Caramelized Onions: 3 large Vidalia onions 1.5C Olive oil Slice onions into ¼” rings, toss with olive oil and wrap in heavy-duty aluminum foil. Place in a 400°F gas grill and roast for 1.5 hours. Set aside when done to be used later as a burger topping. Whipped Goat Feta: 1pkg. Goat Feta 1T Lemon juice 3T Olive Oil In a small food processor add crumbled pieces of Goat Feta, lemon juice and olive oil. Blend ingredients until smooth and set aside. Olive Tapenade: 3/4C Pitted green olives 2-3T Olive Oil 2 Medium cloves garlic sliced 1T Olive Brine In a small food processor add olives, olive oil, garlic and brine. Blend until olives are fine little chunks, set aside. Sourdough boule cut into ½ inch slices and butter one side of each slice. Patty: 3lb Ground Lamb 6 Medium cloves garlic 3T Chopped fresh oregano 1.5T fresh chopped mint 3/4t Lemon zest .5t Salt Mash garlic cloves with the side of a chef’s knife, then chop garlic into fine pieces.
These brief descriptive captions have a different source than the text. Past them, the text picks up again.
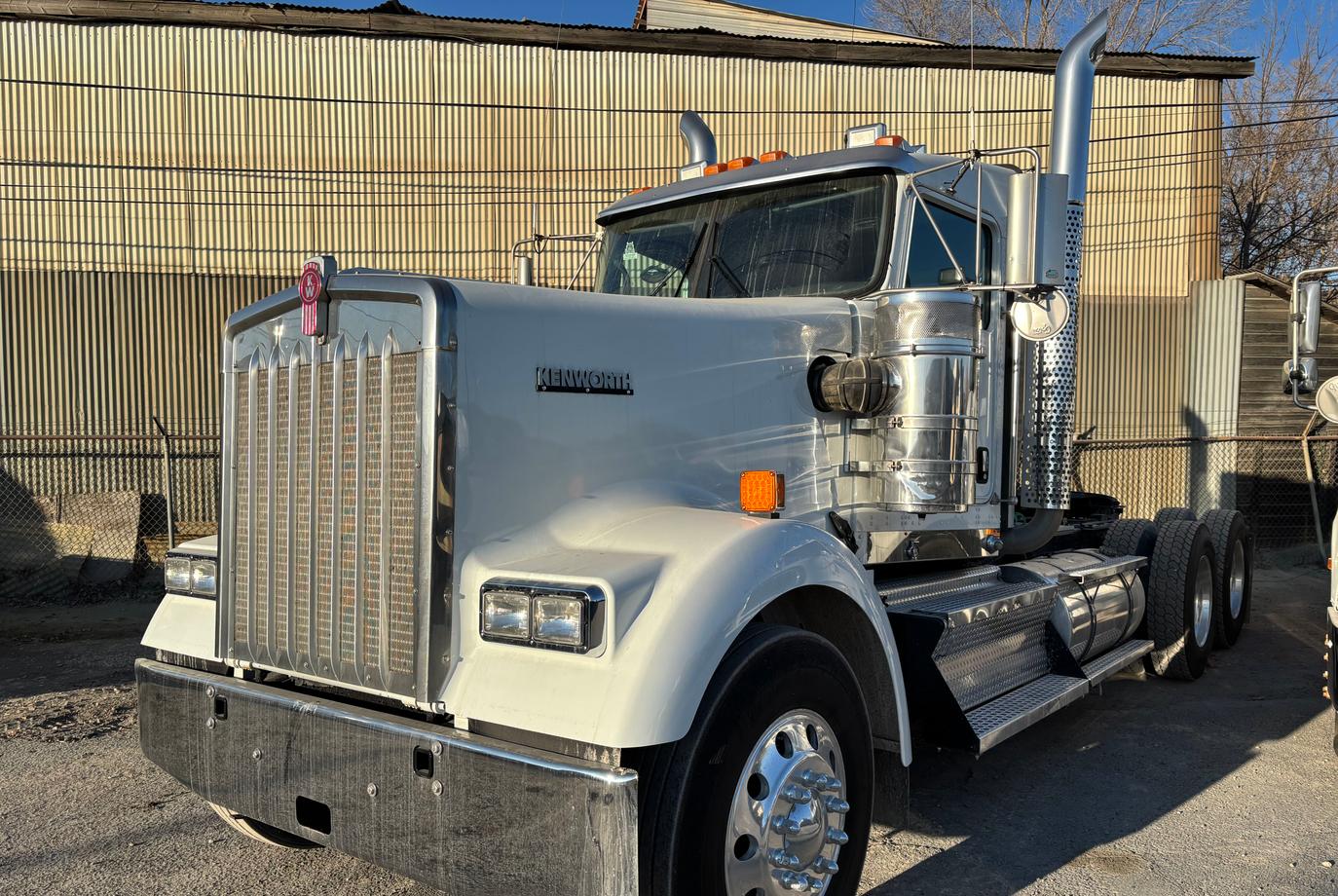 2011 Kenworth W900 Truck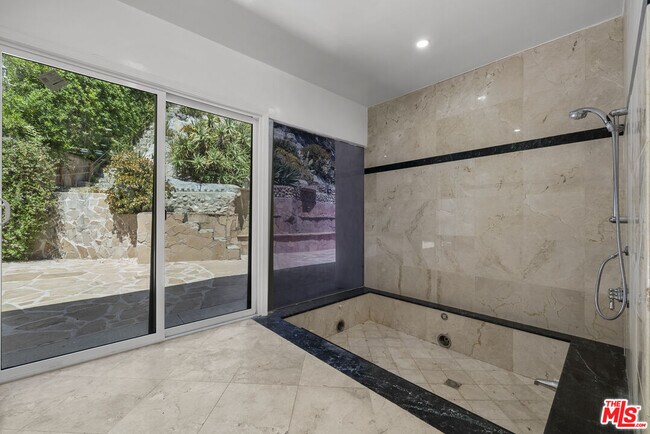 Building Photo - 3453 Green Vista Dr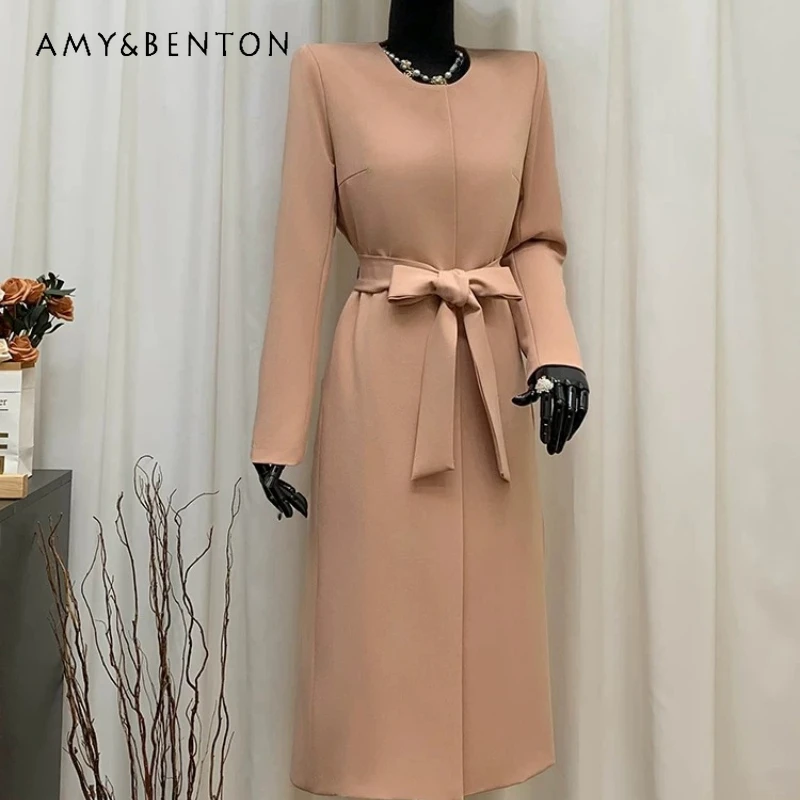 2026 Spring Women's Trench Coats Korean Design Round Neck Straight Tube Medium Long Lace-up Thin Pink Temperament Jackets Ladies
2026 Spring Women's Trench Coats Korean Design Round Neck Straight Tube Medium Long Lace-up Thin Pink Temperament Jackets Ladies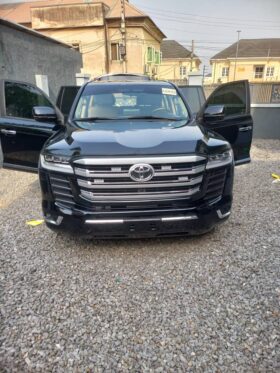 2023 Toyota Land Cruiser
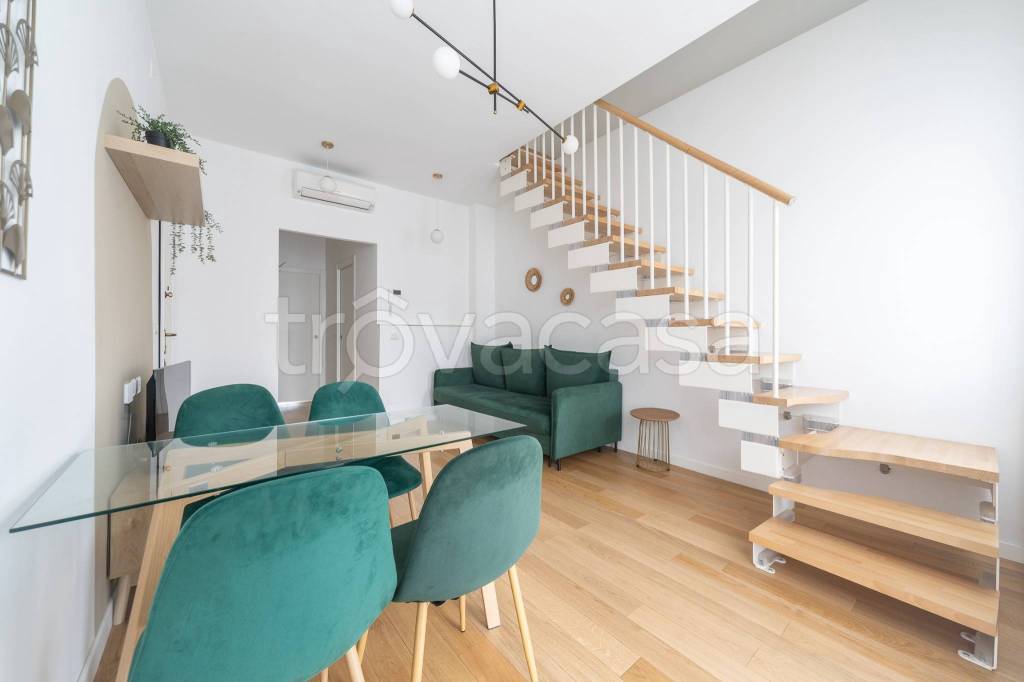 appartamento in vendita a Milano in zona Bovisa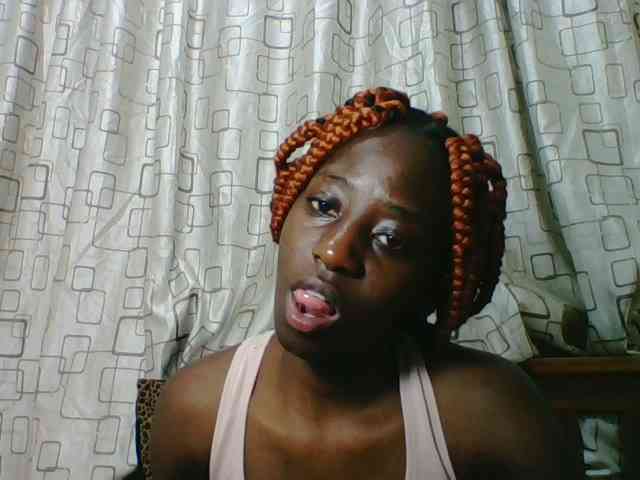 Sweetsmile23 webcam
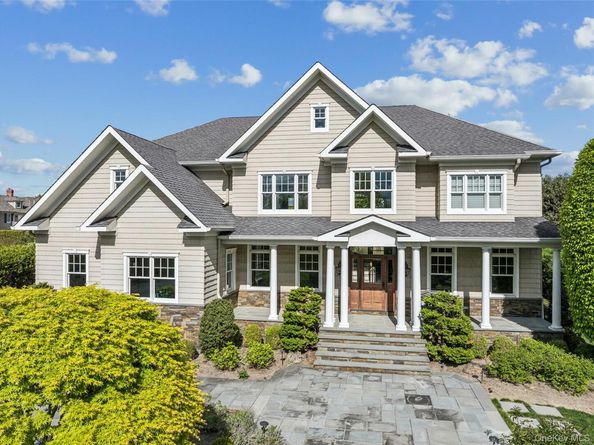 147 Eaton Lane, West Islip NY 11795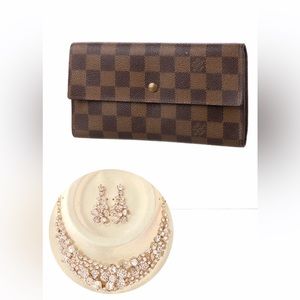 Louis Vuitton Elegant Damier Ebene Wallet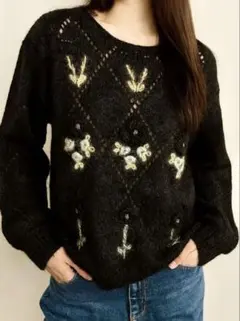 80s90s 日本製 ヴィンテージ 黒 透かし編み×小花刺繍 ビーズ セーターL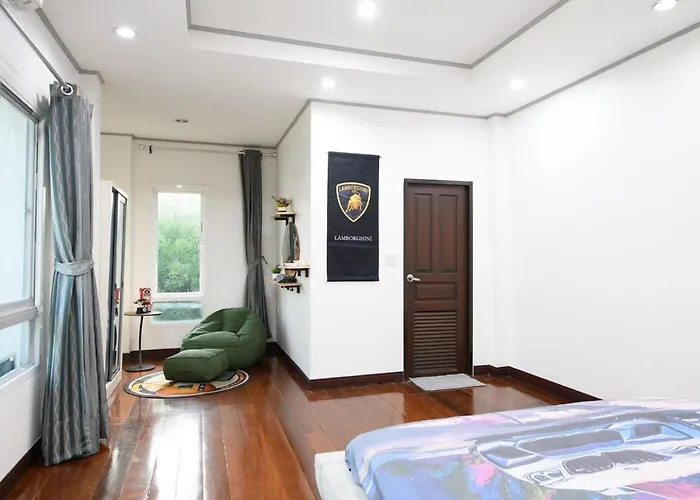 Garage House Bangkok-car Theme 8bed 6room 別墅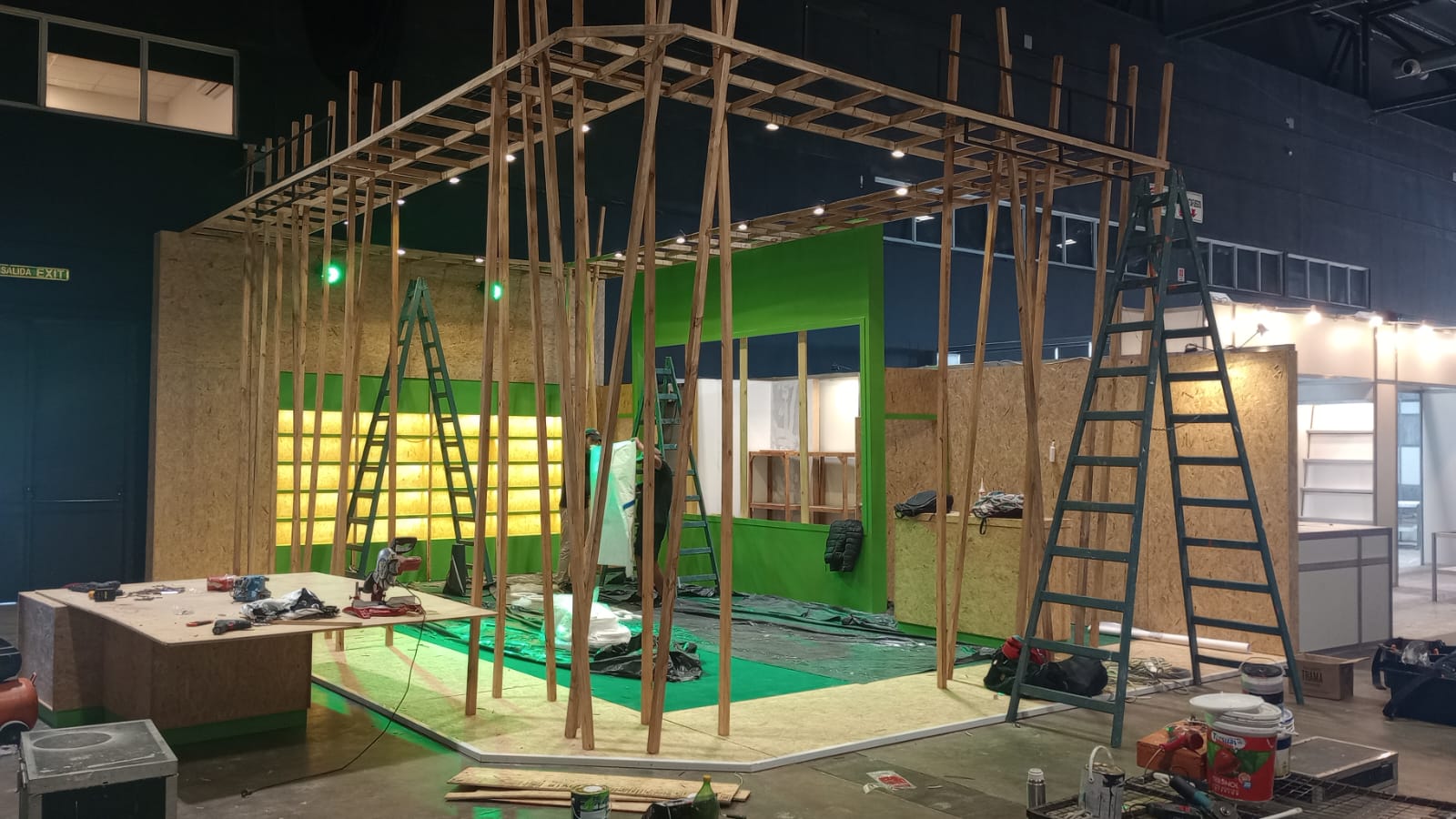 Avanza el armado del stand de Corrientes en la Feria Internacional del Libro  Este jueves 25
Sprinkle salt onto garlic and with the side of the knife gently mash the salt into the minced garlic forming a sticky paste. Chop fresh garlic and mint into garlic salt paste until fully blended, transfer to a bowel and add lemon zest and ground lamb. Mix ingredients together briskly for a few seconds, just long enough to blend ingredients into the lamb. Do not mix too long or meat will compact. Form six even size round patties. Grill burgers on a 350°F gas grill. Grill for 5-6 minutes flip the burger and continue to grill until meat gently bounces back when tested with a spatula. 2-3 minutes before the meat is done place sourdough bread slices on grill to toast. When burgers and bread are done, slice two large beefsteak tomatoes and place 1 or 2 slices between the bottom of the toasted bread slice and the patty. Spread the whipped Goat Feta on the top bread slice along with the olive tapenade. Add caramelized onions on to of the patty before placing the top bread slice on the patty, enjoy!

Comments 

This lamb burger paied best with the Sutter Home Merlot and Shiraz.